Administration / exposure
- Route of administration:
- oral: gavage
- Vehicle:
- - Vehicle(s)/solvent(s) used: polyethylene glycol 400 (PEG 400)
- Justification for choice of solvent/vehicle: The vehicle was chosen to its relative non-toxicity for the animals. - Details on exposure:
- Approximately 18 hours before treatment the animals received no food but water ad libitum. At the beginning of the treatment the animals (including the controls) were weighed and the individual volume to be administered was adjusted to the animals body weight. The animals received the test article, the vehicle or the positive control substance once. Twelve animals, six males and six females, were treated per dose group and sampling time. Sampling of the bone marrow was done 24 and 48 hours after treatment, respectively.

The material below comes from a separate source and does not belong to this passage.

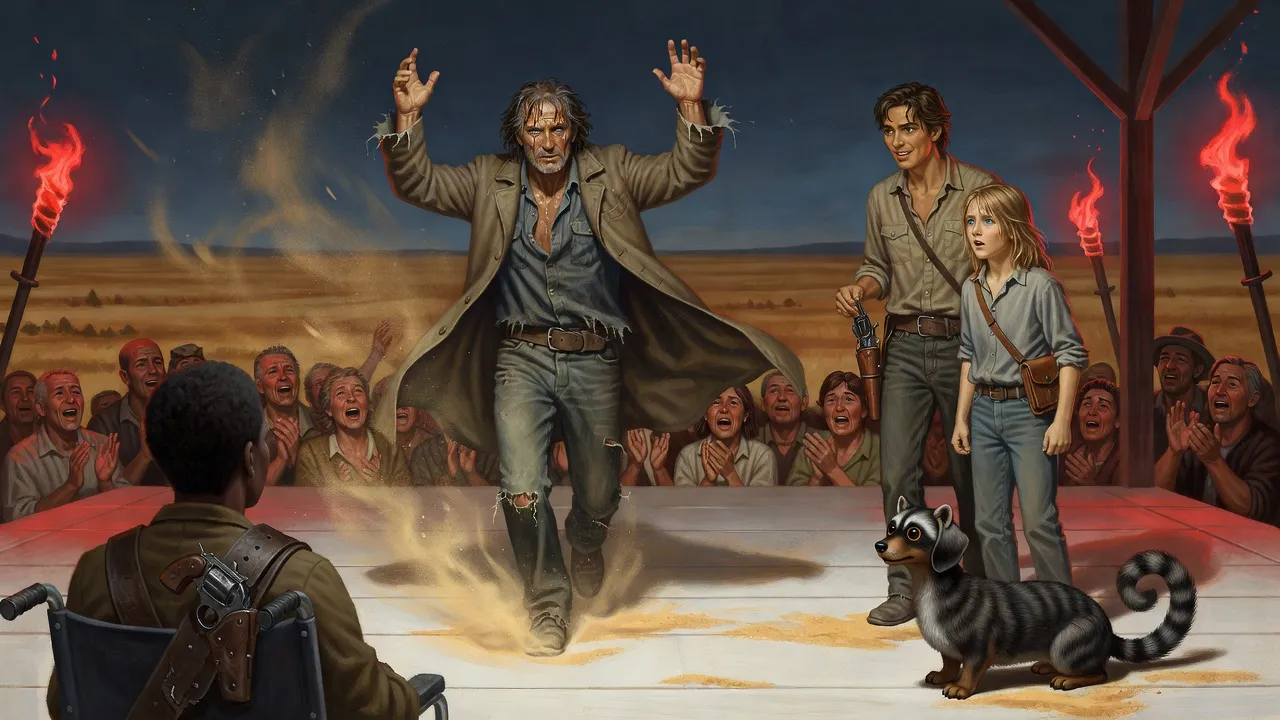 A gaunt gunslinger dances alone on a torchlit stage, boots a blur, while a crowd claps below and a woman in a wheelchair at the stage’s edge holds his gun across her lap.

- Duration of treatment / exposure:
- 24 and 48 h
- Frequency of treatment:
- once
- Post exposure period:
- Not available
Doses / concentrations
- Dose / conc.:
- 2 000 mg/kg bw/day
- Remarks:
- 24 h preparation interval: 200, 670 and 2000 mg/kg b.w.;
48 h preparation interval: 2000 mg/kg b.w.
- No. of animals per sex per dose:
- 5
- Control animals:
- yes, concurrent vehicle
- Positive control(s):
- CPA; Cyclophosphamide
- Justification for choice of positive control(s):The stability of CPA at room temperature is good. At 25 °C only 3.5 % of its potency is lost after 24 h.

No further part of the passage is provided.